Thomas Cole at Kaaterskill Clove

The Catskill Geologists; The Mountains Eagle

Robert and Johanna Titus; Jan. 18, 2019

We have long admired and appreciated those nineteenth century artists of the Hudson River School of Art. Geologists typically do; the art of landscape should, we would think, appeal to those scientists who, after all, study landscapes. So, it should not be surprising that, when we look at one of those paintings, we look into them and see, not just the fine art, but the geology that is there.

We are betting that you have been to Kaaterskill Clove. If so, then you will recognize it on the painting that Thomas Cole did there in 1827. See our illustration. Cole is widely remembered as the founder of the Hudson River School. Suppose a geologist from some other continent came along and looked over this painting. What would they see? What would they conclude about this landscape?

The Clove – Thomas Cole, 1827. Courtesy of Wikimedia Commons.

   We suspect that the first thing that they would notice is the steepness of this landscape.

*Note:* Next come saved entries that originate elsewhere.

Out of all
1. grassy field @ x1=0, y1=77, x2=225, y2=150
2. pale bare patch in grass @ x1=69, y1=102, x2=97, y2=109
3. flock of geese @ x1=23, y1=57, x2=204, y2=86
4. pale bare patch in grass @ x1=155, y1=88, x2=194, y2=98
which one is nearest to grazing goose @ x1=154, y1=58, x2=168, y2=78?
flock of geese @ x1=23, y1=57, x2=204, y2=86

There is a canyon here and its slopes are very, very precipitous. A geologist would conclude that the stream that cut this canyon was a very active one. Geologists used to call this sort of thing a “youthful” stream. The hypothesis was that this landscape had most likely been recently uplifted, perhaps by powerful tectonic events. The stream had responded by aggressively cutting into the landscape. Rapid downcutting had produced those steep walls. Hence, our hypothetical geologist would be imagining a tectonically active landscape – at least at first.

Our geologist would look at the bedrock in the foreground. He, or she, would conclude that it was pretty resistant stuff, probably a sandstone. They would go on to conclude that this sandstone made up the capstone of a waterfall. You can’t see the waterfall in this picture but the steep slopes, beyond, indicate the falls that do exist there.

But then, our geologist would look into the distance and see what we know is the broad floodplain of the Hudson Valley. That would be a problem. Such floodplains take a lot of time to form. That is why they were, some time ago, called “mature streams.” They were emblems of very old landscapes.

So now our geologist would have a true dilemma. How could an old age landscape be associated with a youthful one. Well, here is where the two of us have to come in and answer some tough questions. We are locals and we know our way around here. Our mature Hudson valley floor is indeed an old landscape. The Hudson valley is tens of millions of years old and so it has had time enough to have earned its maturity. So how did its youthful landscape develop? How did the steep slopes of the Hudson Valley form so that Kaaterskill Creek could plummet down it’s slopes? That’s something that our foreign geologists could not figure out.

But we do know this secret and it takes us back to the Ice Age. Back then, our mature Hudson Valley was filled with ice. An enormous glacier was advancing to the south. It ground up against the wall of the Catskill Front and steepened it. That helped make that youthful landscape. If you have been to the Catskill Front, then you know about this.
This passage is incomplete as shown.